CHICAGO — Fighting insolvency, the Xenia Rural Water District of Iowa made a partial debt-service payment due last week on $83 million of water revenue bonds — with CIFG Assurance North America Inc. covering the remainder — as the struggling utility prepares to release a restructuring plan later this month.

The district paid $1.8 million toward its principal and interest payment due Dec. 1 on the 2006 bonds, an amount that was $1.26 million shy of the full payment.

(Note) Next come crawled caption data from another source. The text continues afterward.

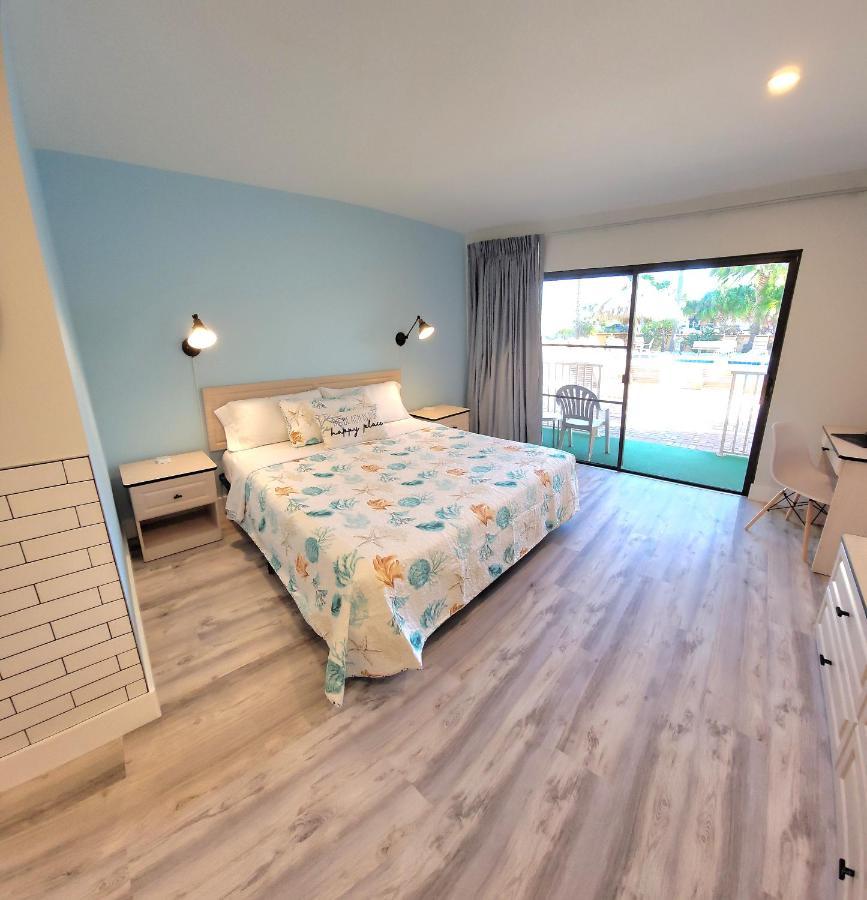 Satellite Motel St. Pete Beach Dış mekan fotoğraf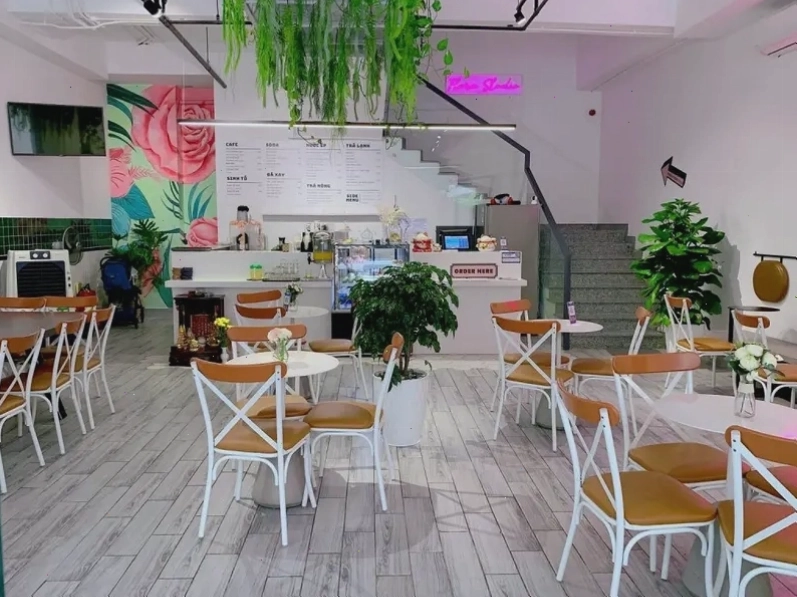 Không gian sang trọng và cổ điển của Cafe de Flore Quận 8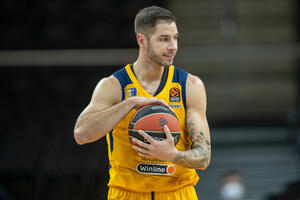 Stefan Jović stiže u Crvenu zvezdu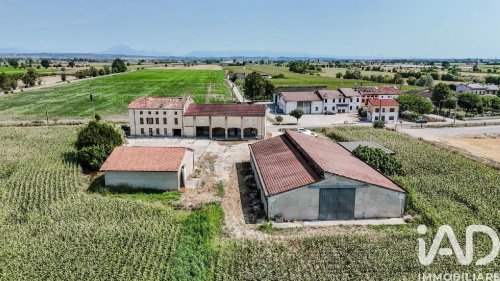 Casa de campo em Ceresara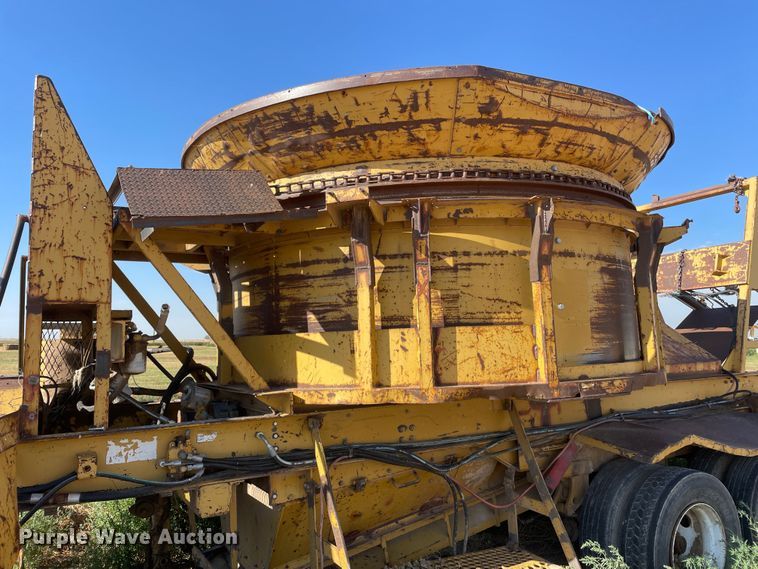 image for item DN4731 1999 W.H.O. P12-63XSHD  tub grinder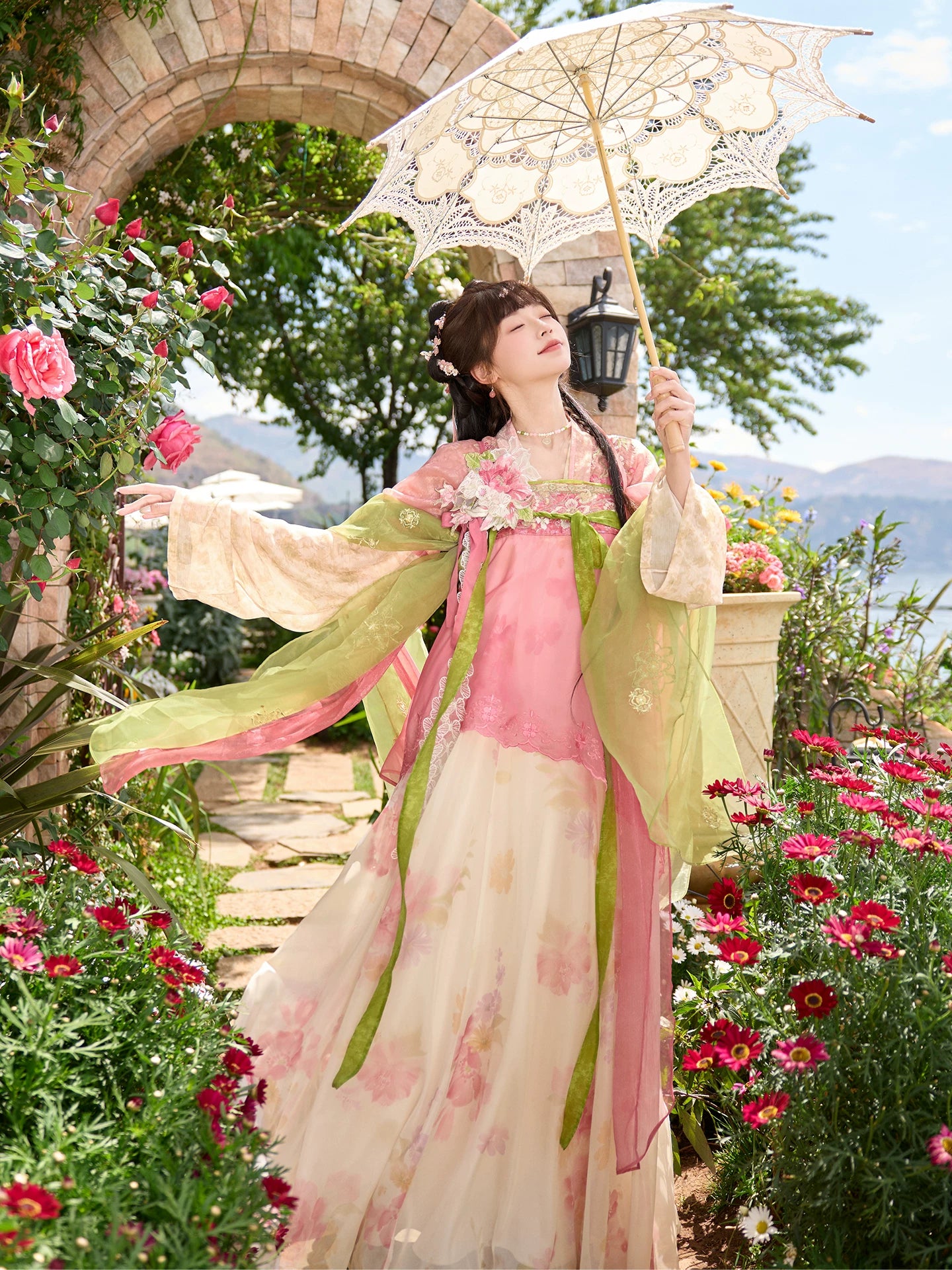 [Blossom] Floral Embroidery Hanfu Dress Set tang Shisanyu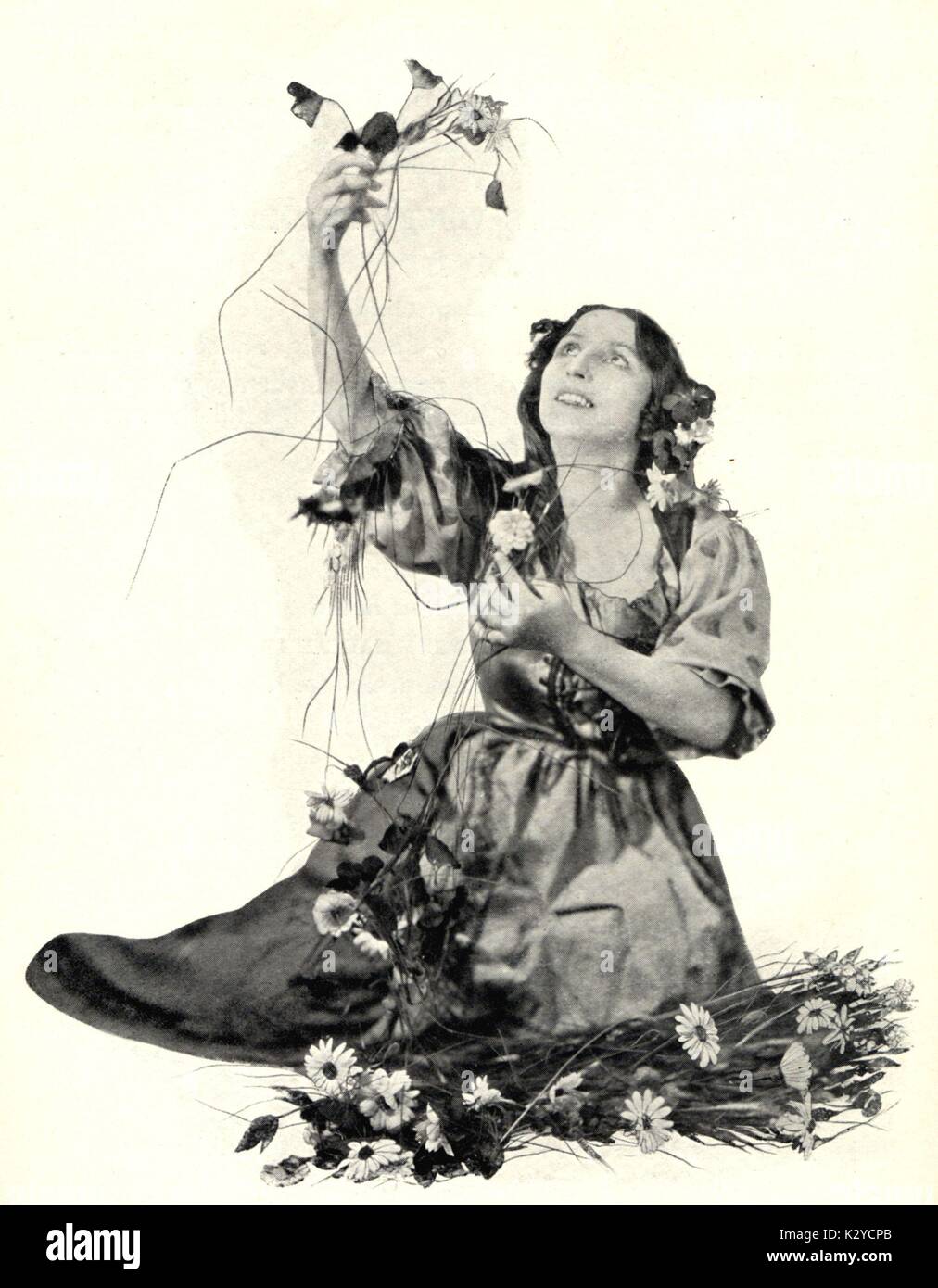Amelita Galli-Curci (1882-1963) as Dinorah in Meyerbeer's opera 'Dinorah, ou le Pardon de Ploemel'. Galli-Curci was renowned for her Dinorah.    German composer, 5 September 1791 - 2 May 1864. Stock Photo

CIFG, the original insurer of the bonds, said it covered the shortfall in a timely manner.

The debt-service reserve has been drained and "the district has been unable to make required payments to replenish" it, according to a notice posted on the Municipal Securities Rulemaking Board's EMMA website.

"Other nonpayment defaults under the bond resolution are continuing, including failure to comply with the applicable debt-service coverage test" and the district remains in default on other non-bonded debts, the notice reads.

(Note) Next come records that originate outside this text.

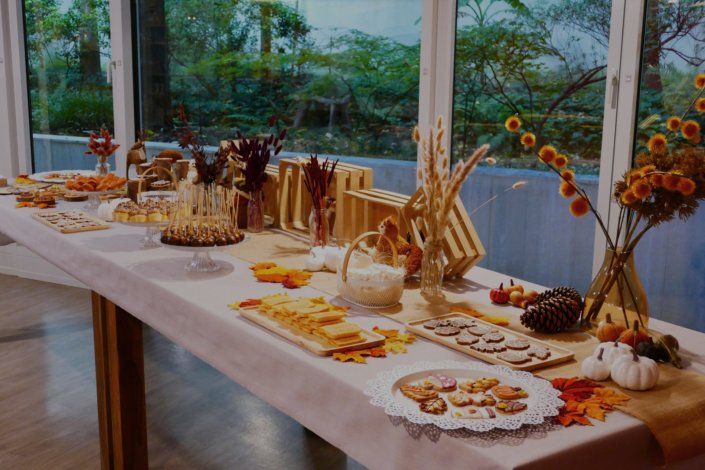 gouter d'automne chez La Francaise par Studio Candy avec pâtisseries maison sur mesure, décoration et scénographie automnale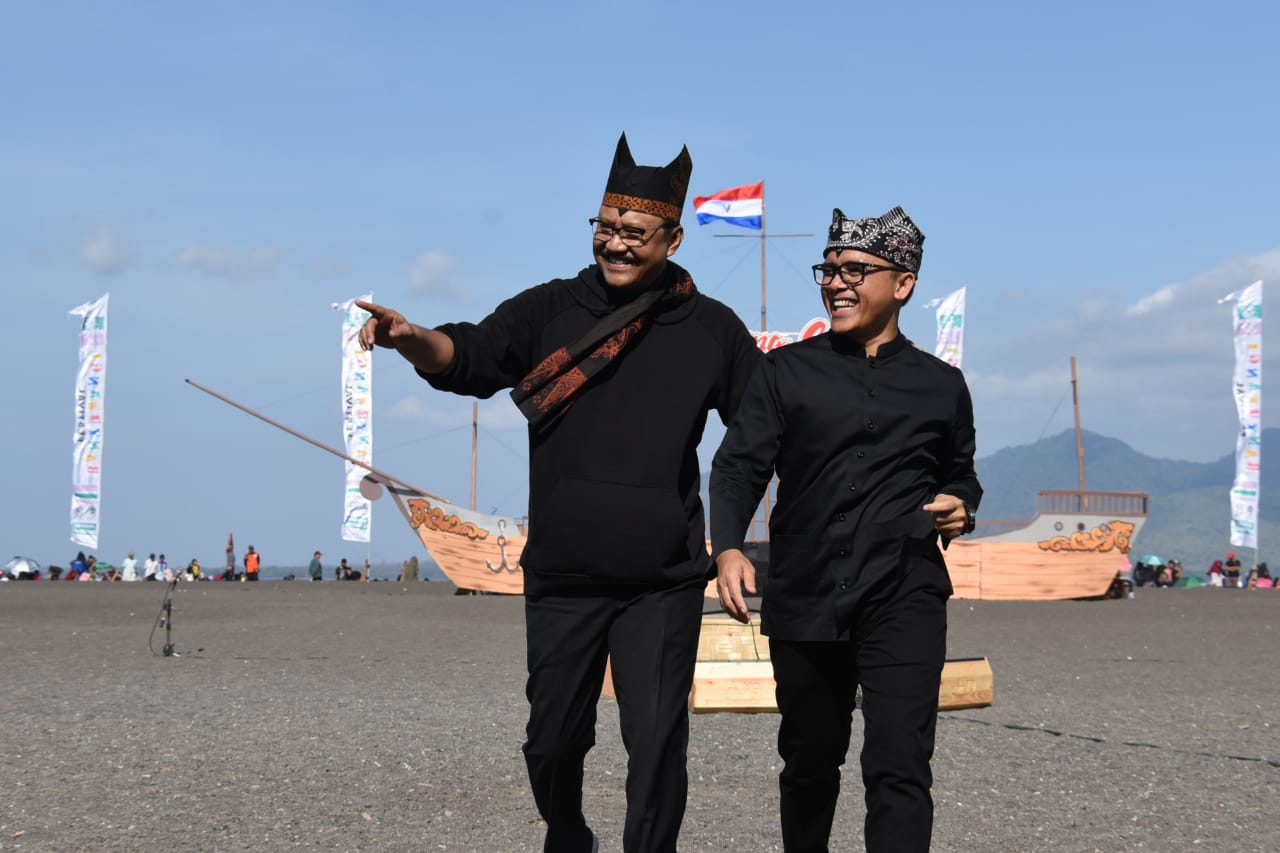 Wagub Jatim Saifullah Yusuf (Gus Ipul) dan Bupati Banyuwangi Abdullah Azwar Anas. Foto: istimewa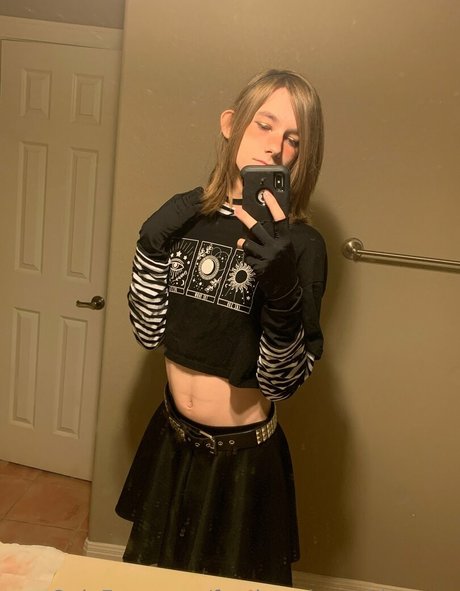 femboycherryblossom star best photo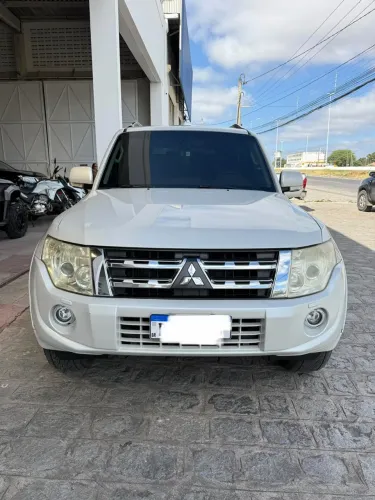 Mitsubishi Pajero HPE Full 3.2 4X4 T.i.dies. 5P AUT 2014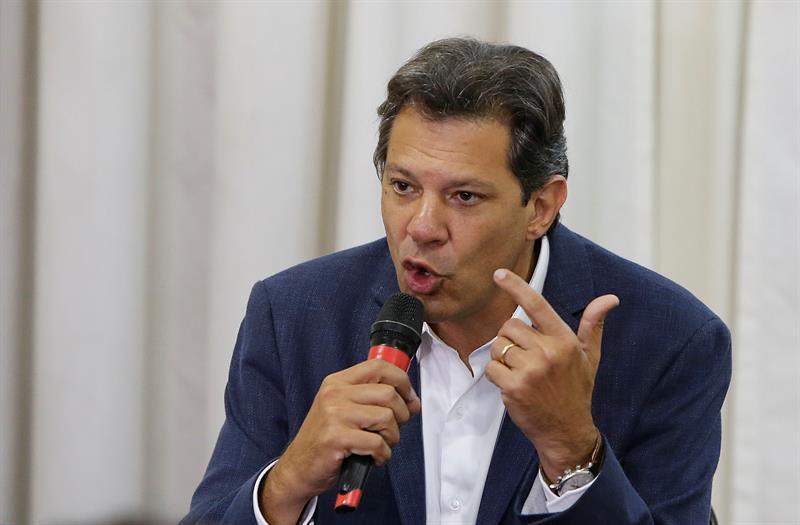 Candidatos a segunda vuelta en Brasil niegan intenciones de llegar al poder a la fuerza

Standard & Poor's earlier this year downgraded the already junk-bond rated credit to D from BB after it failed to make its full June debt-service payment on the 2006 bonds.

The district drained its bond reserve to make all but $69,000 of the $1.88 million interest payment owed in June. CIFG covered that shortfall as well. Xenia has drawn on its reserve account to cover debt-service payments since December 2008.

Facing insolvency as it struggles with $140 million of debts, the district is tentatively scheduled to release a restructuring plan at its Dec. 30 board meeting. It previously proposed a workout plan that relied on rate increases, the sale of assets, and $45.4 million in debt relief.

Two of its largest lenders — the U.S. Department of Agriculture's Rural Development Agency and its bond insurer — refused to forgive the debt, sending Xenia back to the drawing board.

It approved a 22% rate increase in March and has a tentative offer of $110.5 million from the Des Moines Water Works to buy its assets.

The district fell into arrears on $45.6 million in loans from the USDA in September 2009.

The federal agency said it received a payment from the district totaling $1.06 million on Dec. 1 but Xenia's suer remains delinquent on its debts. "The USDA Rural Development's position is that we are not going to write off debt," Darin Leach, spokesman for the Rural Development Agency, said in an e-mail.

Assured Guaranty Corp. is acting as CIFG's agent under a reinsurance agreement executed early last year. In that capacity, Assured has so far refused to forgive any debt.

Assured earlier this year countered Xenia's preferred workout plan with one of its own, crafted with the help of consultant R.W. Beck, which called for a much steeper rate increase and the adoption of a standardized rate structure.

That plan, however, acknowledged that rate hikes alone would not resolve the district's crisis.

CIFG has covered the June and December shortfalls on the Xenia bonds due to a dispute with Assured over whether the district policy qualifies under a reinsurance agreement between the two companies.

CIFG filed a federal lawsuit over the summer charging Assured with breach of contract violations for Assured's failure to cover the Xenia deal.

Assured in May formally decided to exclude the Xenia policy from its pact with CIFG. Assured agreed to reinsure $13 billion of CIFG-backed bonds — the bulk of CIFG's public finance bond portfolio — in a reinsurance agreement executed in January 2009.

Assured has based its position regarding the Xenia policy on a provision in the reinsurance agreement that allows it to exclude from the agreement any policy for a bond that was below investment grade as of Oct. 31, 2008. The district's bonds were rated investment grade at the time by Standard & Poor's and internally by CIFG, but Assured appears to have a dispute with those ratings as Xenia had already begun to draw on its reserves. The litigation is pending.

The district, which is working with Public Financial Management Inc. as its adviser, earlier this year defaulted on loans from Bank of America, prompting the bank to file a lawsuit in September seeking repayment of roughly $7.8 million to cover the loans, interest and legal fees.

Some blame Xenia's rapid expansion for its fiscal crisis. The district, which has 9,000 members, took on its debts to fund expansion of its water delivery capacity north to the Minnesota border, and beginning in 2002 waste-treatment facilities to serve customers that have been slow in joining the district, contributing to operating deficits.

Xenia also experienced cost overruns on a connection line to an ethanol plant, according to published reports. It serves customers in 11 counties to the north and west of Des Moines.

The district's customer base has grown steadily, at an average annual rate of 5.3%, increasing to about 9,300 at fiscal year-end 2008 from 7,550 at fiscal year-end 2005, according to Standard & Poor's.

Under Iowa law, the district cannot file for bankruptcy.